PROVIDED DATA:
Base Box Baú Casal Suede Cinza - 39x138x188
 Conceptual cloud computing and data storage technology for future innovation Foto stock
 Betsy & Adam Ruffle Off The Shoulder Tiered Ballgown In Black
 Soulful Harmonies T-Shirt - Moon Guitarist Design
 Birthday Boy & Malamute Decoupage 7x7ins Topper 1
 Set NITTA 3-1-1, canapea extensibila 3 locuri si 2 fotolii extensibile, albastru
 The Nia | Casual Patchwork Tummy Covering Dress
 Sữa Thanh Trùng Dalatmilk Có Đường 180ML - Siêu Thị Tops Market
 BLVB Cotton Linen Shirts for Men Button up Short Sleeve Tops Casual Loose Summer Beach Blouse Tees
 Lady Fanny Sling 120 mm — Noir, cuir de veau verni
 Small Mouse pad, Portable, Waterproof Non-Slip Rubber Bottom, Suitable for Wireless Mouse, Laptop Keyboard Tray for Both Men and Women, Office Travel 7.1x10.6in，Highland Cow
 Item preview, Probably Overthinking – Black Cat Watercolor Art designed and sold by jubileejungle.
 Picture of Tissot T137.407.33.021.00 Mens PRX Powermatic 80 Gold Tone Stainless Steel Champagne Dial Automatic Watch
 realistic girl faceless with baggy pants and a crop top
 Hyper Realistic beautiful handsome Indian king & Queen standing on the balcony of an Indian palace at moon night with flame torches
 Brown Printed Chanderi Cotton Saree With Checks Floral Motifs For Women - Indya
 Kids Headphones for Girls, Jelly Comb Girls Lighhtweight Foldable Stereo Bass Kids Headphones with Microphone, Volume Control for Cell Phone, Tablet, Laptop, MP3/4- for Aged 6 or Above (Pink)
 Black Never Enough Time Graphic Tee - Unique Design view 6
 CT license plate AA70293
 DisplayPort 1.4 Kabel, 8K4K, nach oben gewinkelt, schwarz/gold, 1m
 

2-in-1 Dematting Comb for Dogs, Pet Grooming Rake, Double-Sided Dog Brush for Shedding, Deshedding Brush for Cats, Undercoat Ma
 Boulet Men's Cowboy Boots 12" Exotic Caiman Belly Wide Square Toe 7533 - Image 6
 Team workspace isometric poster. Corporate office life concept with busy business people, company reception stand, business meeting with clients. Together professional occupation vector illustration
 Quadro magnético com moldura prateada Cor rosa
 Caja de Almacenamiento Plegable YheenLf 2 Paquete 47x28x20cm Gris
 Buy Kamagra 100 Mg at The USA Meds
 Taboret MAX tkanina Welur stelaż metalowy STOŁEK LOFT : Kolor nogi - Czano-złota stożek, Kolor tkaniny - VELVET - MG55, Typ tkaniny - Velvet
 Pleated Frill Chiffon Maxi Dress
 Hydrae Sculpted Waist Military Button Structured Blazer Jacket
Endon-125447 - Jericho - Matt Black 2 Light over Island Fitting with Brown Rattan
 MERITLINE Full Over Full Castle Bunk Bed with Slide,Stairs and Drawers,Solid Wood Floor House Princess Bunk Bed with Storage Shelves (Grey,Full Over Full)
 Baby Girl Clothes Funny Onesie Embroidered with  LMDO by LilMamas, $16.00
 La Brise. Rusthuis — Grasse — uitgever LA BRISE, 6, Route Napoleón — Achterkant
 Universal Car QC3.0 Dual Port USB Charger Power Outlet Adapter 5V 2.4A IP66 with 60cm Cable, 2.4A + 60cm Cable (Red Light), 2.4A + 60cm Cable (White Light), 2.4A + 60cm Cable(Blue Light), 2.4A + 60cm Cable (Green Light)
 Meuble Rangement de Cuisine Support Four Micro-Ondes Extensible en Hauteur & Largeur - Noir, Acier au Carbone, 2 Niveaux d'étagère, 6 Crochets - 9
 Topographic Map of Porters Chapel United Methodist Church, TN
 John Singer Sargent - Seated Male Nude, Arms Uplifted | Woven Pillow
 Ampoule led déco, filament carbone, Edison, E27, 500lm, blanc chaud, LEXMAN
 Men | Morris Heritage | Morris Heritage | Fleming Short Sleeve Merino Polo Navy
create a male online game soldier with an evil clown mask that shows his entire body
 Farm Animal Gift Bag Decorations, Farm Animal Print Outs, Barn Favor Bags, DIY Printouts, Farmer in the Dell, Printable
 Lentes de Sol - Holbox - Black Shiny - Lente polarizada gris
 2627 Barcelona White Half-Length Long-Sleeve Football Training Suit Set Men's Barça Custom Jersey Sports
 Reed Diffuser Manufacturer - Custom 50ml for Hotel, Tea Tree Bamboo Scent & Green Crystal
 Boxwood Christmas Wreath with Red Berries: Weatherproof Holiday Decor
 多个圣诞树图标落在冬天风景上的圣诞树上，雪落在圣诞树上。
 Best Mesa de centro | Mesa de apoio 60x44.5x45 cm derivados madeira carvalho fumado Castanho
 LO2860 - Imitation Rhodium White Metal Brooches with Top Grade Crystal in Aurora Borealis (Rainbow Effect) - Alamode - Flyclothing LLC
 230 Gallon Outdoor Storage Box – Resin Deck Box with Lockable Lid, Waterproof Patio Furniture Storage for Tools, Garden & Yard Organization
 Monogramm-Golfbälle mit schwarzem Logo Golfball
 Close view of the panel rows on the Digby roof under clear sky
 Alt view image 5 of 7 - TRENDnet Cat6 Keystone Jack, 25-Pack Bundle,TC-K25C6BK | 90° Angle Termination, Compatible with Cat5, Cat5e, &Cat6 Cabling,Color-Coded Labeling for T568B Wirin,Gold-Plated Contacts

WHAT THE TASK ASKS: Reprint the data above from the opening line to the line holding "Sữa Thanh Trùng", inclusive, and nothing else.

SOLUTION FOR THIS PROBLEM:
Base Box Baú Casal Suede Cinza - 39x138x188
 Conceptual cloud computing and data storage technology for future innovation Foto stock
 Betsy & Adam Ruffle Off The Shoulder Tiered Ballgown In Black
 Soulful Harmonies T-Shirt - Moon Guitarist Design
 Birthday Boy & Malamute Decoupage 7x7ins Topper 1
 Set NITTA 3-1-1, canapea extensibila 3 locuri si 2 fotolii extensibile, albastru
 The Nia | Casual Patchwork Tummy Covering Dress
 Sữa Thanh Trùng Dalatmilk Có Đường 180ML - Siêu Thị Tops Market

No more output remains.